[Start of section]
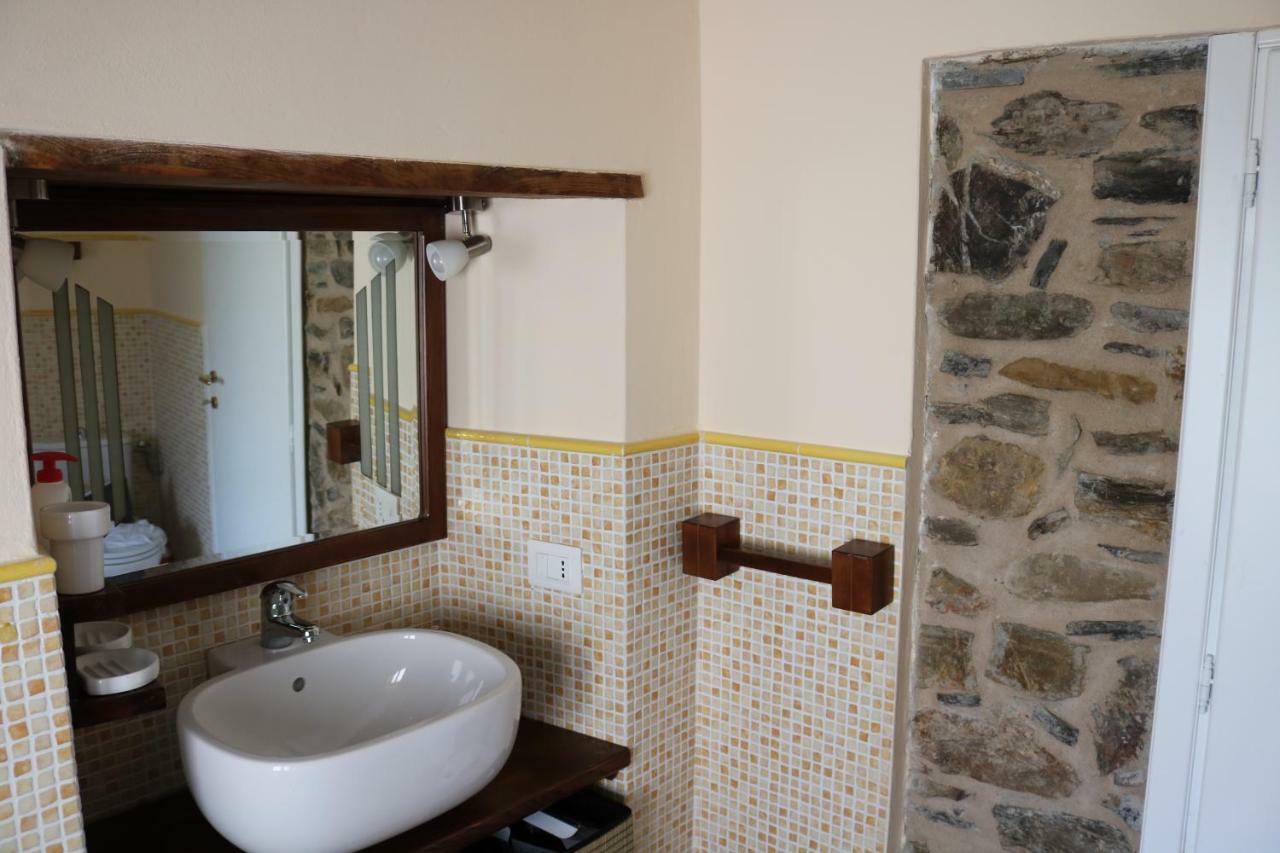 Casa Vacanze Elena Rometta Zewnętrze zdjęcie
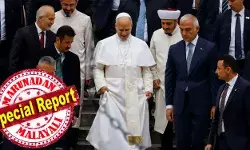 ജോണ് പോള് രണ്ടാമന് മാര്പാപ്പ തുടങ്ങി വച്ച മോസ്ക് സന്ദര്ശനം തുടര്ന്ന് എല്ലാ പോപ്പുമാരും; പോപ്പ് ബെനഡിക്ടും ഫ്രാന്സിസ് പാപ്പയും സന്ദര്ശിച്ച് പ്രാര്ത്ഥിച്ച തുര്ക്കിയിലെ ബ്ലൂ മോസ്കില് ഇന്നലെ ലിയോ മാര്പാപ്പയും എത്തി; തലകുനിച്ചെങ്കിലും പ്രാര്ത്ഥിച്ചില്ലെന്ന് മാധ്യമങ്ങള് ജോണ് പോള് രണ്ടാമന് മാര്പാപ്പ തുടങ്ങി വച്ച മോസ്ക് സന്ദര്ശനം തുടര്ന്ന് എല്ലാ പോപ്പുമാരും; പോപ്പ് ബെനഡിക്ടും ഫ്രാന്സിസ് പാപ്പയും സന്ദര്ശിച്ച് പ്രാര്ത്ഥിച്ച തുര്ക്കിയിലെ ബ്ലൂ മോസ്കില് ഇന്നലെ ലിയോ മാര്പാപ്പയും എത്തി; തലകുനിച്ചെങ്കിലും പ്രാര്ത്ഥിച്ചില്ലെന്ന് മാധ്യമങ്ങള്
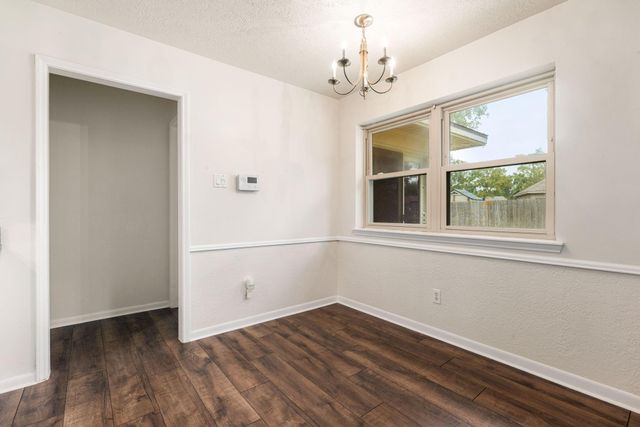 806 S Hyannis Port Street, Crosby, TX 77532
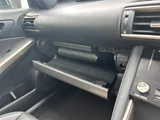 2017 Lexus IS 300h F Sport Sedan for sale, Japanese used car export - photo 19 of 24 | GULJI TRADERS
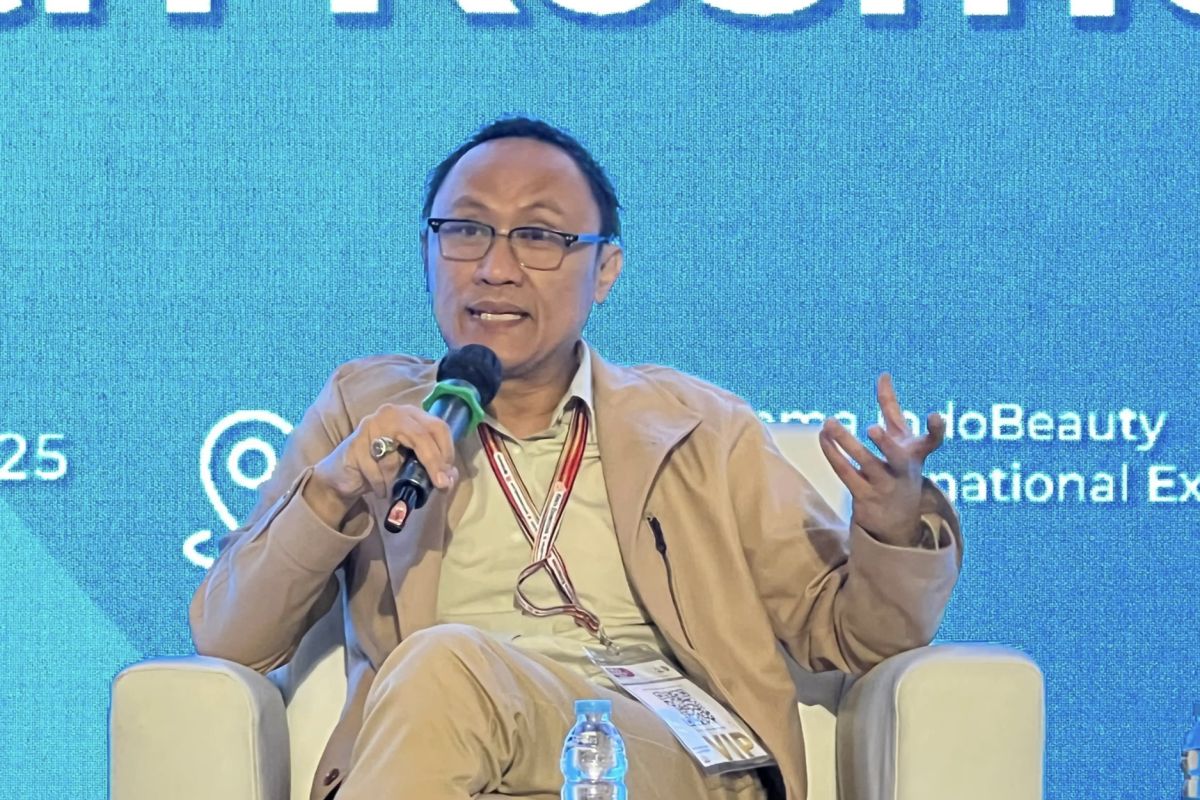 BPJPH ajak industri kosmetik siap hadapi wajib halal pada 2026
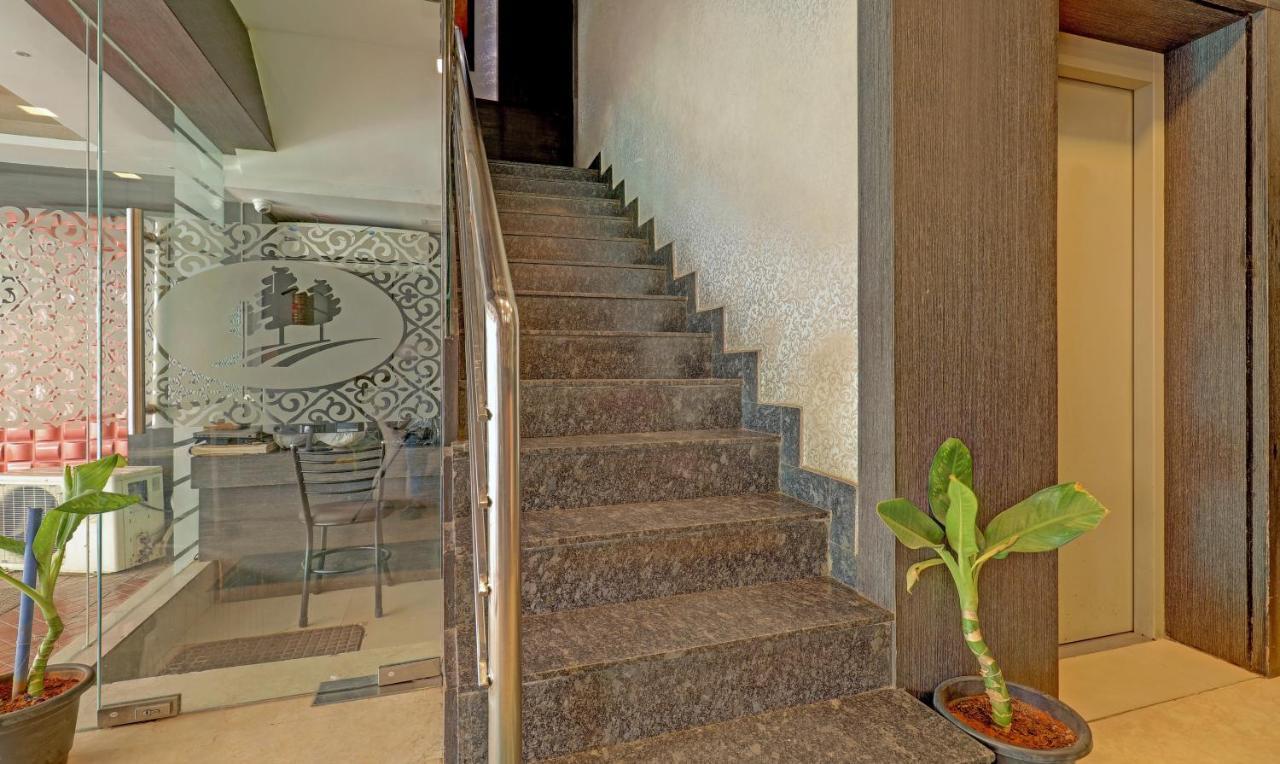Pine Tree Boutique Hotel Chennai Esterno foto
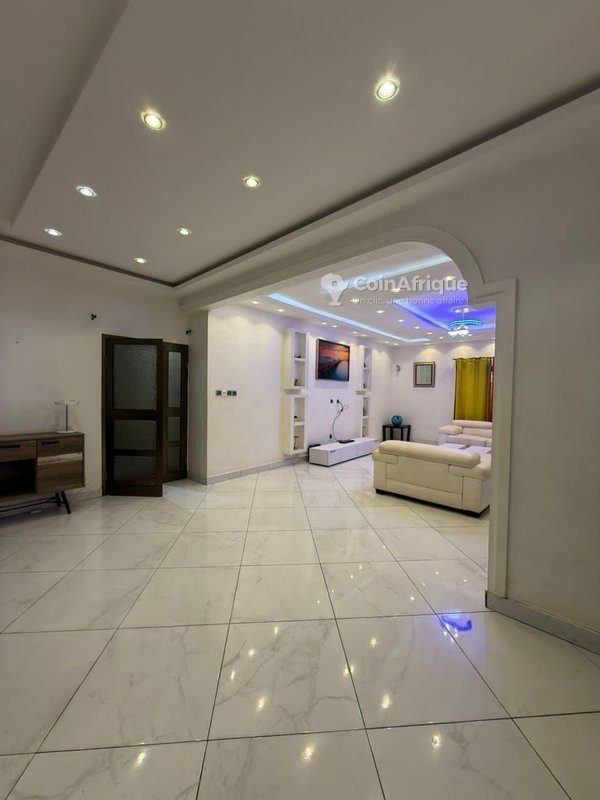 Villa luxueuse de 5 pièces avec jardin et garage spacieux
[End of section]
[Assigned task]: The answer must be the full set of records, repeated exactly, with no pictures.

[Output below]:
 Casa Vacanze Elena Rometta Zewnętrze zdjęcie
 ജോണ് പോള് രണ്ടാമന് മാര്പാപ്പ തുടങ്ങി വച്ച മോസ്ക് സന്ദര്ശനം തുടര്ന്ന് എല്ലാ പോപ്പുമാരും; പോപ്പ് ബെനഡിക്ടും ഫ്രാന്സിസ് പാപ്പയും സന്ദര്ശിച്ച് പ്രാര്ത്ഥിച്ച തുര്ക്കിയിലെ ബ്ലൂ മോസ്കില് ഇന്നലെ ലിയോ മാര്പാപ്പയും എത്തി; തലകുനിച്ചെങ്കിലും പ്രാര്ത്ഥിച്ചില്ലെന്ന് മാധ്യമങ്ങള് ജോണ് പോള് രണ്ടാമന് മാര്പാപ്പ തുടങ്ങി വച്ച മോസ്ക് സന്ദര്ശനം തുടര്ന്ന് എല്ലാ പോപ്പുമാരും; പോപ്പ് ബെനഡിക്ടും ഫ്രാന്സിസ് പാപ്പയും സന്ദര്ശിച്ച് പ്രാര്ത്ഥിച്ച തുര്ക്കിയിലെ ബ്ലൂ മോസ്കില് ഇന്നലെ ലിയോ മാര്പാപ്പയും എത്തി; തലകുനിച്ചെങ്കിലും പ്രാര്ത്ഥിച്ചില്ലെന്ന് മാധ്യമങ്ങള്
 806 S Hyannis Port Street, Crosby, TX 77532
 2017 Lexus IS 300h F Sport Sedan for sale, Japanese used car export - photo 19 of 24 | GULJI TRADERS
 BPJPH ajak industri kosmetik siap hadapi wajib halal pada 2026
Pine Tree Boutique Hotel Chennai Esterno foto
 Villa luxueuse de 5 pièces avec jardin et garage spacieux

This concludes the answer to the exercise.